Your assignment: Only one stretch of the listing below is wanted. Begin at the line that has "Scissors Classic T-Shirt", stop after the line that has "Выезд на суточную", and repeat every line in between exactly.

Supplied entries:
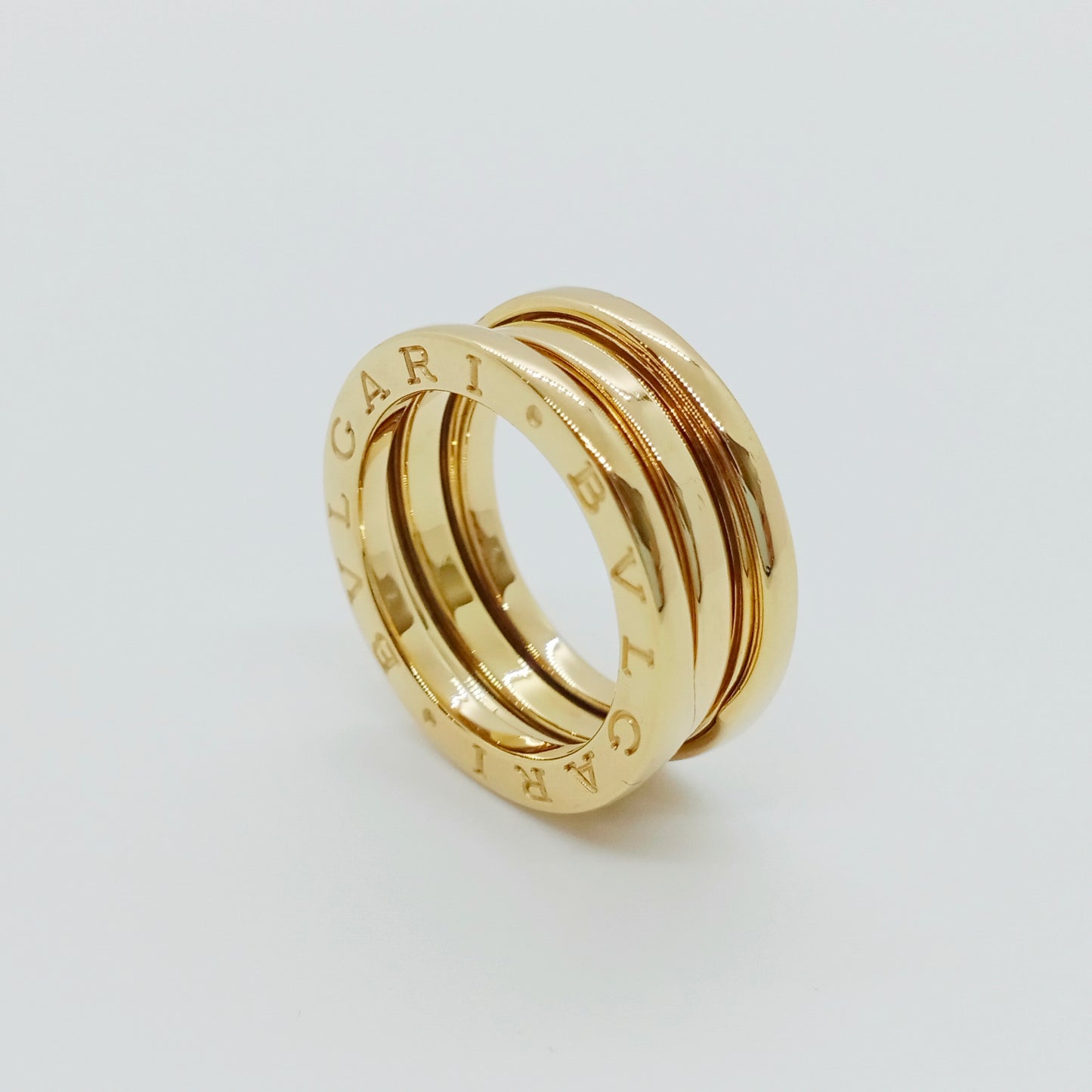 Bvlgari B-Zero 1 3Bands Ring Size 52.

==

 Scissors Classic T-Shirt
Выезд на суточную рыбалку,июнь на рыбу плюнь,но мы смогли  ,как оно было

Solution to the exercise:
 Scissors Classic T-Shirt
Выезд на суточную рыбалку,июнь на рыбу плюнь,но мы смогли  ,как оно было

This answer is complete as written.